Em segundo lugar, se Paulo pretendesse excluir a tradição por ser algo não benéfico, deveríamos saber por qual motivo Paulo utilizou no mesmo capítulo tradições orais que não estavam na Bíblia. Os nomes de Janes e Jambres não aparecem no Velho Testamento, contudo, em II TM 3:8 Paulo os chama de adversários de Moisés. Paulo utiliza a tradição oral para falar o nome dos dois mágicos mais proeminentes do Egito, que aparecem durante o Êxodo (7:8). [2] E este não é a única fonte não-bíblica utilizada no Novo Testamento — outro exemplo mais conhecido aparece na Epístola de São Judas que cita o Livro de Enoque (Judas 14:15 c.f. Enoque 1:9).
Quando a Igreja canonizou os livros da Bíblia oficialmente, o principal propósito era estabelecer uma lista de livros autorizados, para proteger a Igreja dos livros espúrios que reivindicavam autoria apostólica, mas que eram na verdade, trabalhos de hereges (v.g. o Evangelho de Tomé). Os grupos heréticos não conseguiam basear seus ensinamentos na Santa Tradição, pois seus ensinamentos eram criados fora da Igreja, então a única maneira que possuíam para autorizar suas heresias era distorcendo o significado da Bíblia, além de forjar novos livros, apóstolos, ou santos do Velho Testamento. A Igreja sempre se defendeu contra os ensinamentos heréticos reivindicando as origens apostólicas da Santa Tradição (provando-as pela Sucessão Apostólica, c.f. o fato de que seus bispos e professores possuem uma descendência histórica e direta dos Apóstolos), e também reivindicando a universalidade da Fé Ortodoxa (c.f. o fato de que a Fé Ortodoxa é a mesma fé que os Cristãos Ortodoxos sempre aceitaram ao longo da história e do mundo). A Igreja se defendeu contra os livros espúrios e heréticos estabelecendo uma lista autorizada de Livros Sagrados, que foram recebidos pela Igreja como Divinamente inspirados, tanto os do Velho Testamento como os de origem apostólica.

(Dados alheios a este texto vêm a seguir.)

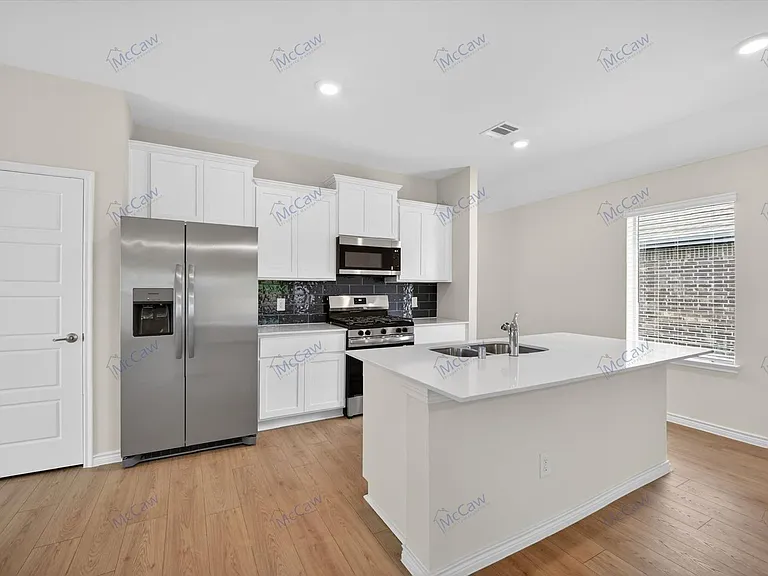 1209 Hopes Lake Dr — Photo 5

Estabelecendo a lista canônica da Bíblia Sagrada, a Igreja não pretende insinuar que toda a Fé Cristã e toda a informação necessária para a louvação e regra da Igreja está contida apenas na Bíblia. [3] Uma coisa que está além dos debates sérios é sobre a questão de quando a Igreja conclui os Cânones dos Livros Sagrados em fé e louvação, assim como a discussão se a fé a louvação atual é a mesma da do período primitivo — isto é uma verdade histórica. Como na estrutura da autoridade da Igreja, os bispos Ortodoxos em vários Concílios resolveram a questão do Cânon — e na Igreja Ortodoxa é assim até hoje quando qualquer pergunta sobre a doutrina ou a disciplina deve ser resolvida.
NOTAS DE RODAPÉ
1. George Mastrantonis, trans., Augsburg e Constantinopla: Correspondência entre os Teólogos de Tubingen e o Patriarca Jeremias II de Constantinopla sobre a Confissão de Fé de Augsburg (Brookline, Mass.: Holy Cross Orthodox Press, 1982), 114.
2. "The Illustrated Bible Dictionary," vol. 2 (Wheaton: Tyndale House Publishers, 1980), "Jannes and Jambres," de A. F. Walls, 733 -734.
3. Realmente, esta lista nem sempre foi a que a Igreja preservou desde a Antiguidade e que considerou como maior parte da Tradição. Por exemplo, o livro de Enoque, citado entre os livros canônicos, não fazia parte do cânon. Não pretendo saber por que isso ocorreu, mas por alguma razão, a Igreja resolveu preservar este livro, e ainda não o designou para a leitura na Igreja ou no cânon dos livros canônicos.